Take a deep look at the many ways you can give plastic a second life around your home.
No matter how fervently we try to eliminate plastic, it often seems like it’s always there. Which is understandable, really – after all, plastic has been such a huge part of our lives for so many years that reduction – any reduction – is a win.
Baby steps are still steps.
Even so, I vividly remember placing an online grocery order a few years ago, ticking the box that specified delivery without bags and then being flabbergasted by the amount of plastic that my groceries arrived in anyway. Cucumbers sheathed in plastic like awkward Sex-Ed demonstrations; a cluster of tinned tomatoes bound in the stuff (yet, bizarrely, cheaper-per-tin than a single tin … I was essentially paying less to have more plastic … go figure).
Re-framing our habits to accommodate decreased plastic use takes effort and time.
Zero-waste stores are not as ubiquitous as supermarket chains. And it stands to reason that there will be times when even the most well-intentioned plastic-avoider will find themselves on their way home and in need of a bottle of orange juice, or a box (containing a plastic bag) of cereal. Online clothes shopping, however infrequently you do it, brings finery to your door in protective plastic. Toothbrushes can be found in bamboo incarnations – but are far more readily available in plastic.
So let’s accept that, for the time being, some plastic is inevitable. Single-use plastic waste though? This can, for the most part at least, be avoided. It’s just a matter of pausing before we throw a piece of plastic into the bin and thinking ‘might this have another purpose?’
The most cursory of Google searches will unearth a wealth of artistic upcycling projects.
A soda drinking habit can be greened with the creation of a vertical garden, plastic bags can be snipped down into yarn (‘plarn’) and knitted into sturdy shoppers; even plastic spoons can find new purpose as a lightshade.

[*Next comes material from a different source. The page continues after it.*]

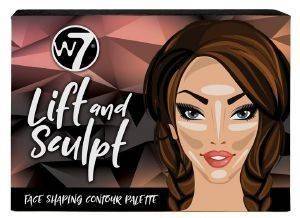 ΠΑΛΕΤΑ CONTOURING W7 LIFT AND SCULPT 21GR ΠΑΛΕΤΑ CONTOURING W7 LIFT AND SCULPT 21GR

For the average person, who’s simply trying to minimise waste, reduce consumption and live more mindfully, such projects – fabulous as they are – may be more overwhelming than inspiring. They come with a side order of danger: if reusing plastic looks so gorgeous as to be unachievable, will people simply opt out without trying?

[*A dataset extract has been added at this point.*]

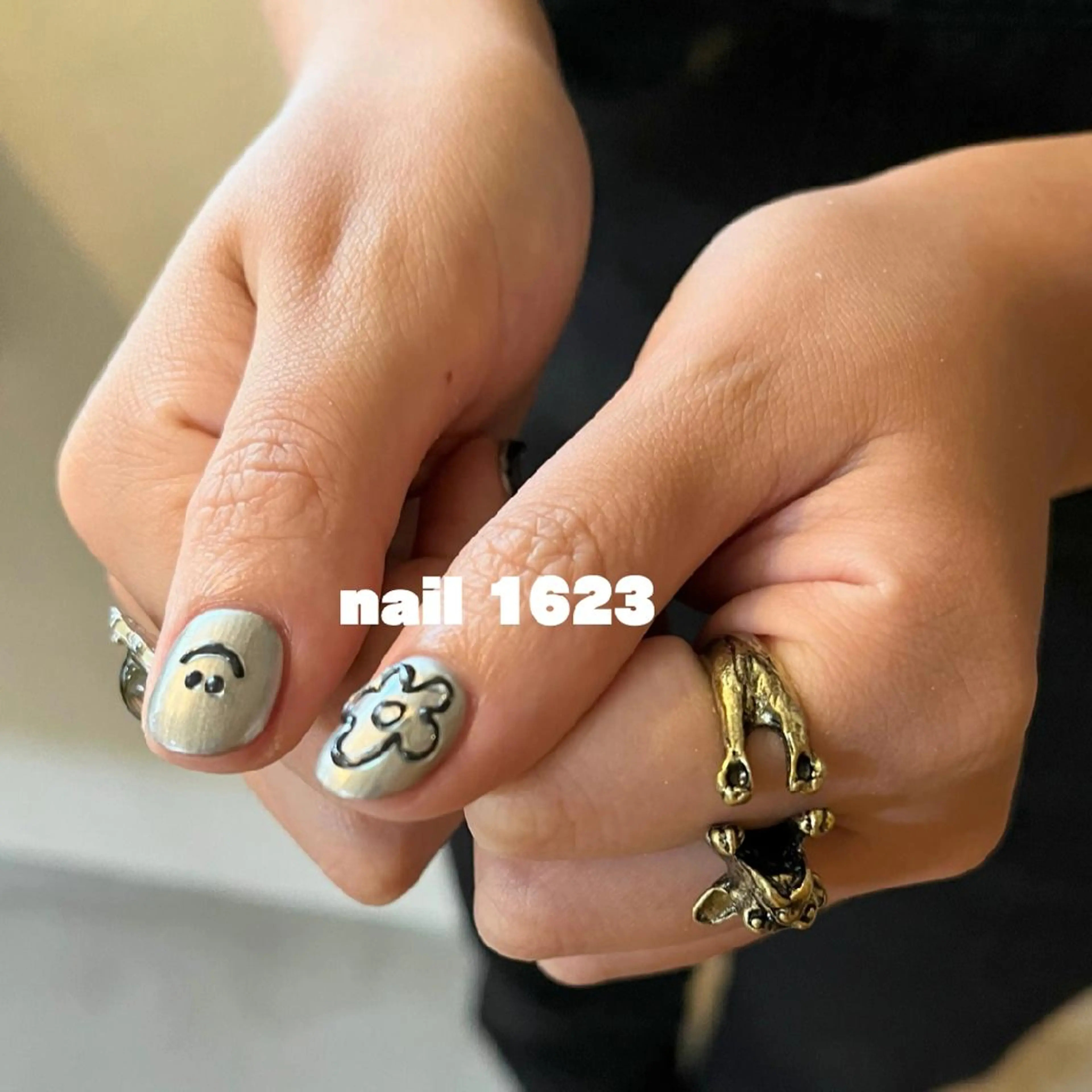 ネイル nail 1623のネイルデザイン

So it’s worth looking at ways that those inevitable household plastics can have at least a couple of different – even if prosaic and not very glamorous – runs. Less time fretting over your so-called ‘failure’ to build a greenhouse out of bottles – amazing though this is – and more time just feeling good about not putting plastic in the trash after its first use.
Plastic Supermarket Bags
- reused as a bin liner
- packed into holiday luggage as a ‘dirty clothes’ bag
- carried with a toddler to contain wet clothes after accidents
- taken back to the supermarket next time you shop
- taken on dog walks to clear up after your hound
- used in gym / swim bags to keep sweaty / wet clothes separate from everything else
Dry Cleaning Bags
- separate shoes from clothes in luggage
- form a protective floor covering for painting projects
- create packaging for posting and packing
Takeaway Tub Lids
- can be used for storing and freezing leftovers
- make great paint trays for kids’ art projects
- can be kept in the car as a water bowl for the dog
- can store fiddly things like game pieces, screws, nails and spare change
- cut down into elastic bands to secure garbage
- kept under the sink to make opening jars easier
- used as non-slip pads – for example, under a mixing bowl
- can be used to pack sandwiches in, thus avoiding cling film
- are another boon for dog walkers
String Bags (from onions, citrus fruit, etc)

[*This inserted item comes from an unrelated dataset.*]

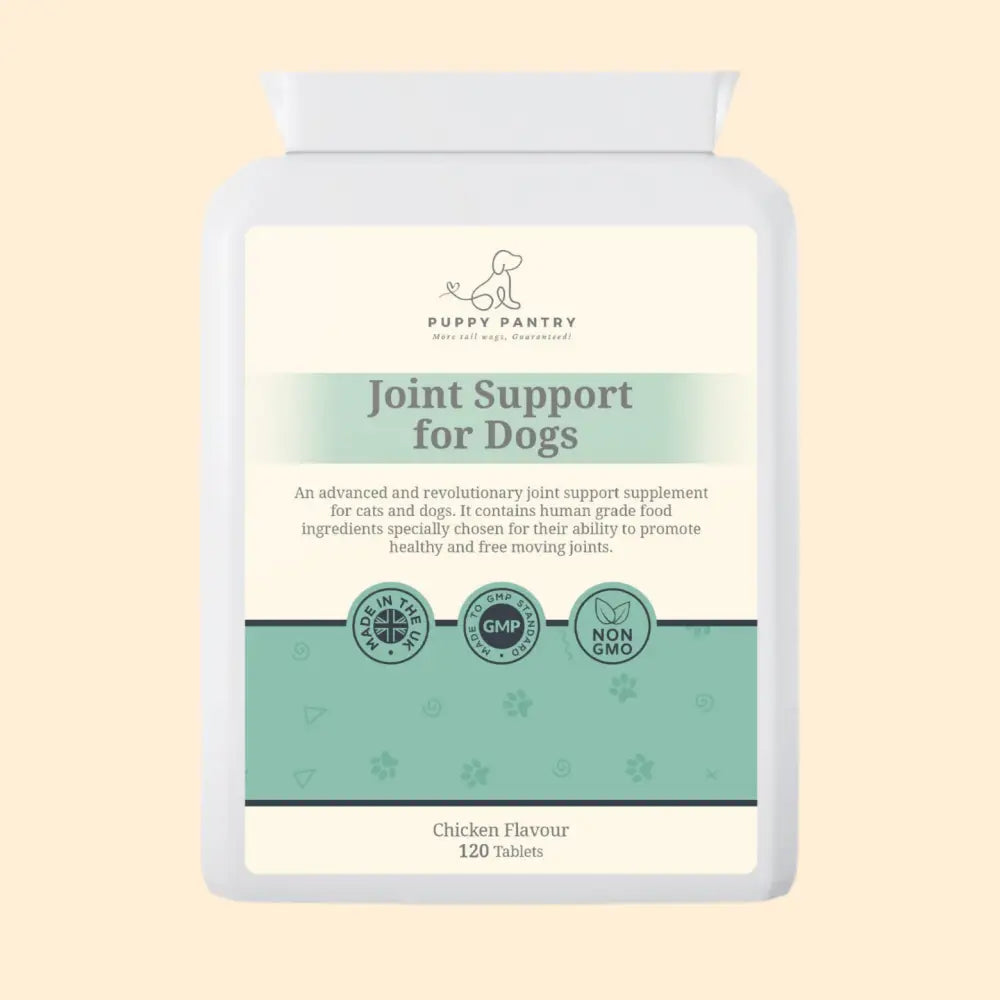 Joint Support Tablets – Chicken (120 Pack) With glucosamine chondroitin & MSM for mobility & comfort at all ages - Dog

- can be made into skin-smoothing body scrubbers (use with coffee ground for extra eco points!)
- can be used, instead of scourers, for pots and pans
- posted on Freecycle or a community website, in case someone is moving and needs packing materials
- kept for posting fragile items
- secured under windscreen wipers to stop your windscreen from frosting up (and saving valuable scraping time in the morning)
- cleaning kitchen and bathroom grout
- scrubbing small fabric stains
- sprucing up jewellery
- removing mud from shoes
Plastics can also form the basis for forays into zero-waste shopping: wash out your chain-bought empties and fill them up with minimally-packaged products. Anything goes: bottles that have housed shampoo, cleaning products, jam and olive oil can all be used over and over again.
After all, if plastic takes up to 100 years to decompose in landfill, it can certainly manage a few more uses above ground.